Hay otro problema, que podríamos catalogar como psicológico, y que aqueja no solamente a los obispos sino a muchas otras personas buenas, individualmente decentes, almas bellas. Digámoslo sin vueltas: muchos tienen en lo personal una cercanía importante (por no hablar de militancia) con el peronismo, que de él estamos hablando. Esa identificación visceral los lleva a cerrar los ojos y no querer admitir la evidencia de la corrupción kirchnerista.
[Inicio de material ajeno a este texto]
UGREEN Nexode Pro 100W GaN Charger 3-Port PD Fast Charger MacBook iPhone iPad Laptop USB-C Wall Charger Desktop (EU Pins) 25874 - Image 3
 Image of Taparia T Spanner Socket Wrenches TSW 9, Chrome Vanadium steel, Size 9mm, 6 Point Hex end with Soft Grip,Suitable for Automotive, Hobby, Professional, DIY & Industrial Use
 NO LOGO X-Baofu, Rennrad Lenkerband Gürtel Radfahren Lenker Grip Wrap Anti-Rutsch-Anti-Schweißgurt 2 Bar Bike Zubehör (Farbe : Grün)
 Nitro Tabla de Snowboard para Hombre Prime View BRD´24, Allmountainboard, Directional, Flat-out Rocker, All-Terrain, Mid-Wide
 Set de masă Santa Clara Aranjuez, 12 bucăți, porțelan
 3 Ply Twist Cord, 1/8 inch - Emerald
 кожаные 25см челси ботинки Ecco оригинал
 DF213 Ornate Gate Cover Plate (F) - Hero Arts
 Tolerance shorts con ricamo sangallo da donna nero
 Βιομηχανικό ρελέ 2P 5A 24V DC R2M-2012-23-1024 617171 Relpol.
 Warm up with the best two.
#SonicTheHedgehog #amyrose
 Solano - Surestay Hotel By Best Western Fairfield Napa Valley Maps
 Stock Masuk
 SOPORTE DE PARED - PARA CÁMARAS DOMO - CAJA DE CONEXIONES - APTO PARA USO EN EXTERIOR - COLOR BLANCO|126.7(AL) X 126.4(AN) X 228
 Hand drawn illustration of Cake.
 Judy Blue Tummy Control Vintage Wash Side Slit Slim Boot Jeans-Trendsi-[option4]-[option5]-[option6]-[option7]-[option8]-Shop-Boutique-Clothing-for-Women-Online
Esas personas quieren creer que efectivamente el emporio hotelero de Cristina Fernández y los millones de dólares de su hija son fruto de su trabajo como abogada exitosa, aunque nunca pudo exhibir siquiera su título profesional. O que las decenas de millones de dólares de sus secretarios son el resultado de sus ahorros. Y en último caso, frente a la evidencia de lo obvio, la respuesta es que los empresarios de la familia Macri son corruptos.

El triste resultado es una responsabilidad por omisión de la que pedirá cuenta la historia. La Argentina no volverá a ser un país digno de ser vivido si no se enfrenta seriamente a la corrupción. La Iglesia, las comunidades religiosas, tienen el deber moral de decirlo con claridad y valentía, con coraje profético, alentando a jueces y fiscales para que puedan cumplir con la difícil tarea que a ellos les toca.